Wbrew zapewnieniom Rosjan o skutecznej obronie, ukraińskie media donoszą, że uszkodzonych mogło zostać kilka rosyjskich okrętów, w tym m.in. „Admirał Makarow”, który po zatopieniu krążownika „Moskwa” miał zostać okrętem flagowym Floty Czarnomorskiej.
W godzinach popołudniowych Rosjanie wydali oświadczenie, w którym stwierdzili, że atak dronów na Sewastopol miał zostać przeprowadzony przez Ukraińców, ale pod przewodnictwem brytyjskich specjalistów. Rosjanie oskarżyli też Wielką Brytanię o uszkodzenie gazociągów Nord Stream 1 i 2, jako sprawcę wskazując jedną z jednostek brytyjskiej Royal Navy.
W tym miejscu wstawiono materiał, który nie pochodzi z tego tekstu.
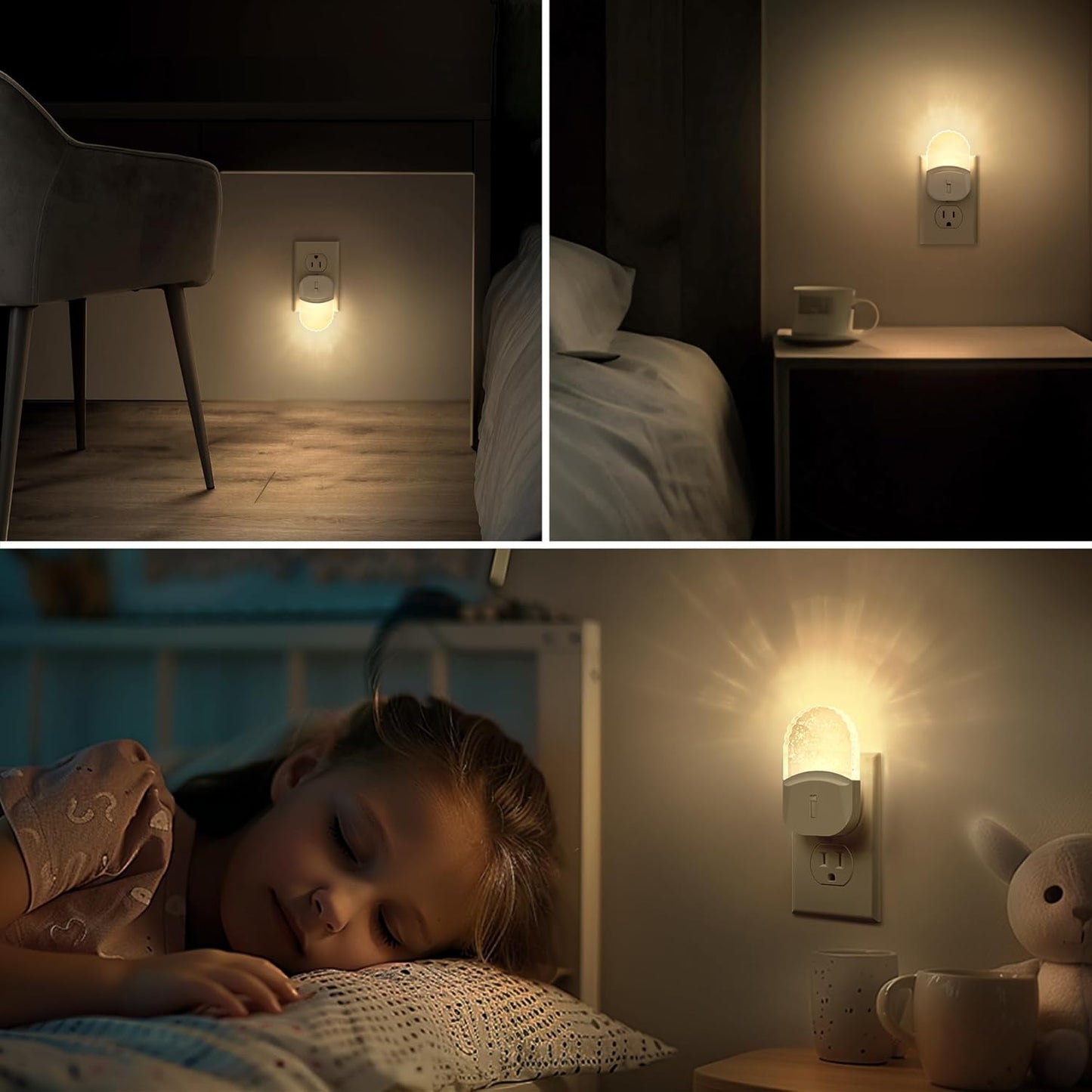 Bubble Night Light Plug in, LED Acrylic Night Light, 2 Pack, Decorative Dimmable Nightlight Dusk to Dawn Sensor, Soft 3000K Warm Nightlight for Bathroom, Hallway, Bedroom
- Według dostępnych informacji członkowie tej jednostki brytyjskiej marynarki wojennej brali udział w planowaniu, przygotowywaniu i realizacji ataku terrorystycznego na Morzu Bałtyckim 26 września tego roku - przekazało rosyjskie ministerstwo, nie podając żadnych dowodów na potwierdzenie swych twierdzeń.
Na odpowiedź Wielkiej Brytanii nie trzeba było długo czekać. Ministerstwo Obrony Wielkiej Brytanii opublikowało krótkie oświadczenie, w którym stanowczo odrzuciło rosyjskie oskarżenia.
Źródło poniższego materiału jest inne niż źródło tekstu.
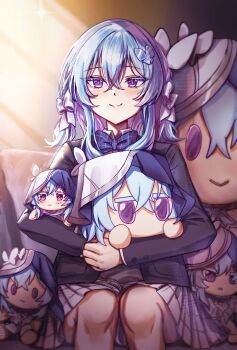 1girl absurdres alternate_costume black_jacket blazer blue_bow blue_bowtie blue_hair blue_veil bow bowtie butterfly_hair_ornament character_doll closed_mouth commentary couch doll dual_persona english_commentary feet_out_of_frame flareza grey_skirt hair_between_eyes hair_bow hair_ornament highres holding holding_stuffed_toy jacket long_hair looking_at_viewer on_couch purple_eyes remnant_cube_(wuthering_waves) school_uniform shorekeeper_(wuthering_waves) sitting skirt smile solo stuffed_animal stuffed_toy two-tone_veil veil white_bow white_veil wuthering_waves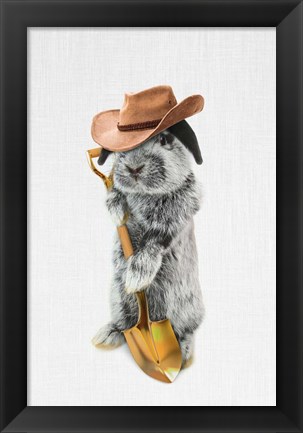 Framed Rabbit Farmer Print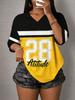 T-shirt da Donna Attitude N.28 Stampa Scollo a V Manica Corta Estate Maglietta Grafica Maglie a Rete Taglie Forti T-shirt Sportiva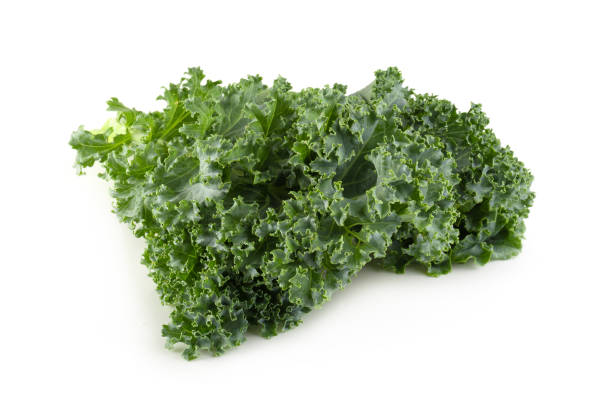 istock Fresh organic green kale leaves isolated over white background 1143441662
- Aby odciągnąć uwagę od jej katastrofalnie prowadzonej nielegalnej inwazji na Ukrainę, rosyjskie ministerstwo obrony ucieka się do rozpowszechniania fałszywych twierdzeń na ogromną skalę. Ta najnowsza zmyślona historia mówi więcej o kłótniach toczących się wewnątrz rosyjskiego rządu niż o Zachodzie - przekazało brytyjskie ministerstwo obrony na Twitterze.